Ever since Clive Humby coined the phrase "data is the new oil" in 2006, everyone is gung-ho about data. Large volumes of big data churn through every organization's arteries. Big data is touted as the disruptive driver of competitive advantage. In a digitally integrated world, data drives and transforms the entire value chain spanning revenue, cost and innovation.

As with oil, data needs to be processed and refined for downstream solutions- but it is useful only when it is of the right quality. How much of all this data is accurate or clean, to begin with? A study reported in MIT Sloan Review indicated that bad data can cost companies 15%-25% in revenues.

Four factors determine the value of big data: Volume, Velocity, Variety, and Veracity.
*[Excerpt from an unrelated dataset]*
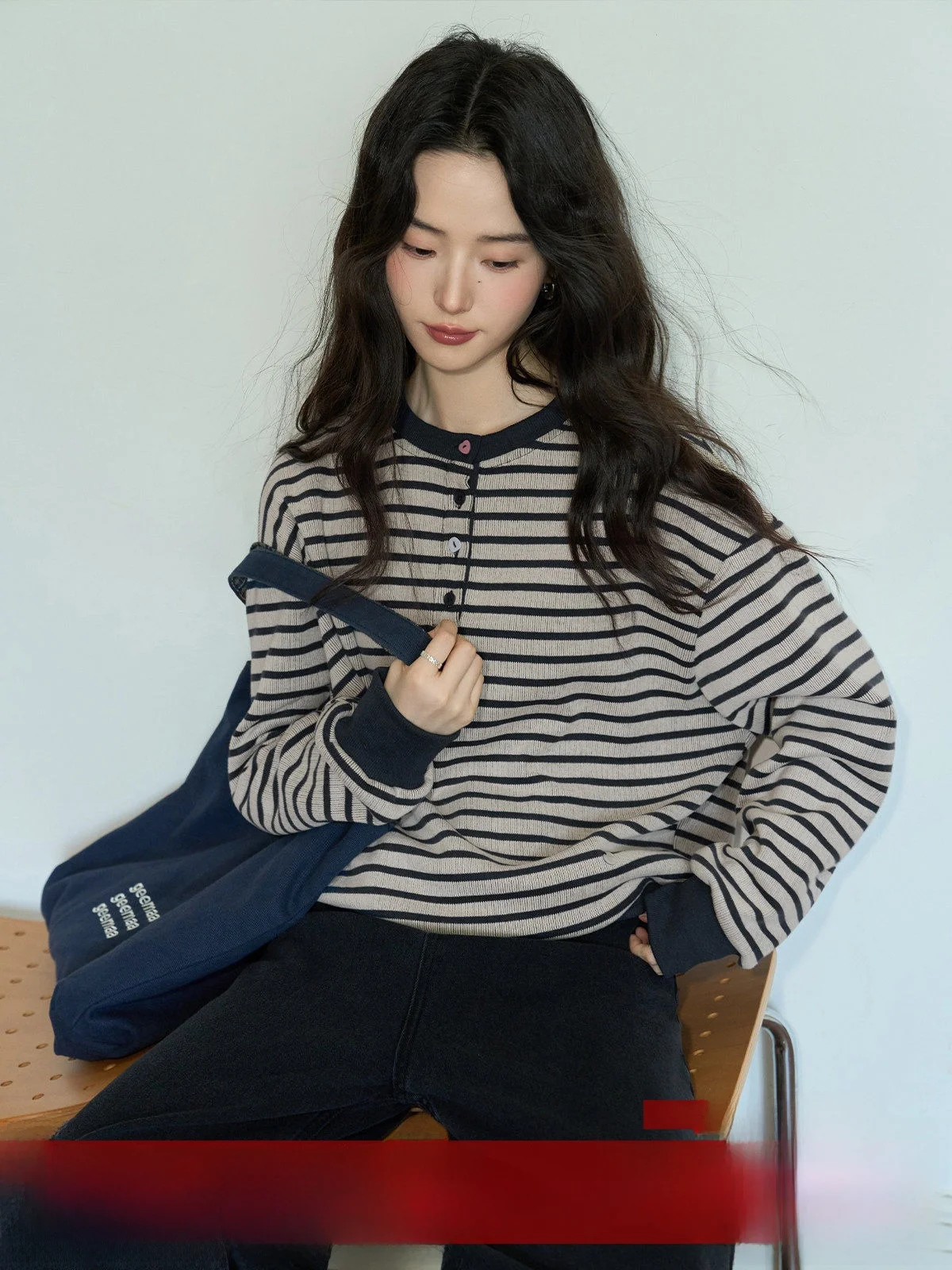 

Loose Fit Henry Collar Hoodl Sweatirt Women's New 2025 Winter Sle Color Blo Stripe Design Slimming Inner Wear Top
Our concern in this article is with the Veracity of data, representing its reliability and integrity. A decision maker needs to be satisfied with the integrity of the data value chain, from source to the decision. Based on our experience and observation, there are six kinds of flaws in Data Veracity:


Akash Jain, Founder, InfoTech Navigator

1. Pollution of raw data: From bad surveys, subconsciously biased sampling, impersonation, and bad data entry processes. A classic example is in social media, where fake bots masquerade as humans.
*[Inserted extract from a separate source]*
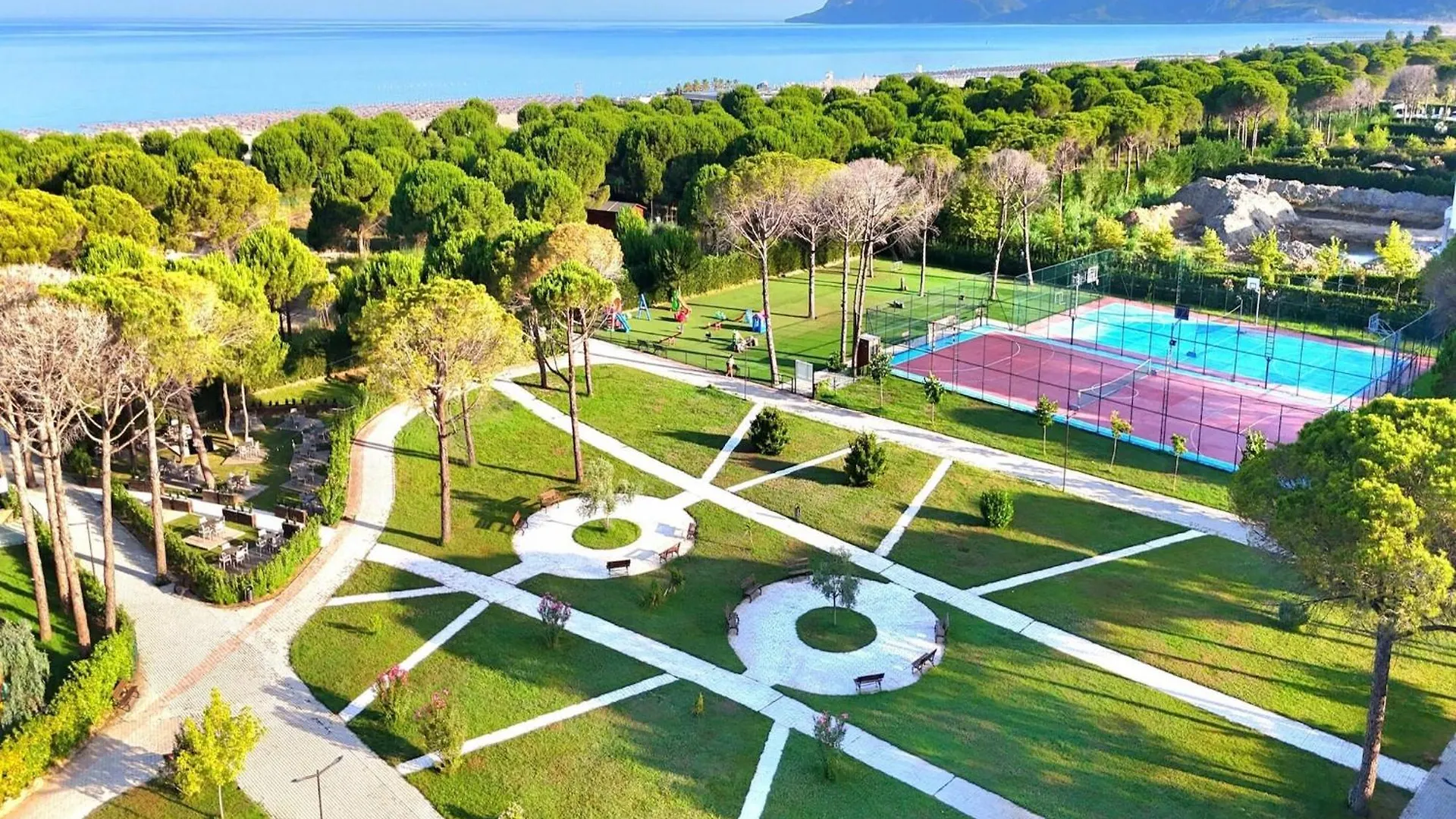 Relaxing 1-Bedroom Getaway With Pool Plazhi San Pietro 0*,  Albania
2. Contextual adequacy or appropriateness: Data collected could be factual, but contextually irrelevant. A leading hypermarket chain noted mismatched results for direct marketing campaigns directed at certain loyalty card users. "In-store" interviews revealed that loyalty cards were actually owned by house-help staff making purchases on behalf of their employers.

3. Disharmony with data velocity: In a fast-moving digital marketing environment, data obsolescence renders analytics incorrect or useless in a very short time.

4. Isolation of business functions and data processes: Leading to duplication, and all instances of the same data not updated simultaneously.

5. Fraudulent data: a problem that even the most secure technology like Blockchain has not been able to fully control.

6. Omissions: caused primarily by laziness, lack of comprehension, or impending deadlines.

Bad data can lead to revenue loss, cost inefficiencies and missed opportunities. Leaders need to recognize and act on this expeditiously. Some steps to eliminate the scourge of bad data include:
• Articulate a vision for a data driven culture and a sustainable program to implement it.
• Invest in strong leadership and talent to drive data driven decision making.
• Identify what data points are key to the core decision areas.
• Treat data with the same respect as other key assets like plant/ machinery, human talent, etc.
• Engage continually with points of data origin- Customers, Vendors, Partners, Social Media, Regulators, Shareholders, etc.

The guru of quality, Edward Deming said "In God we trust, all others bring data." And while one follows this dictum, we should also remember that it needs to be the Right Data; because as Ronald H. Coase, a renowned British Economist said, "if you torture the data long enough, it will confess to anything"; so, the risk of bad data is truly in what you will never know.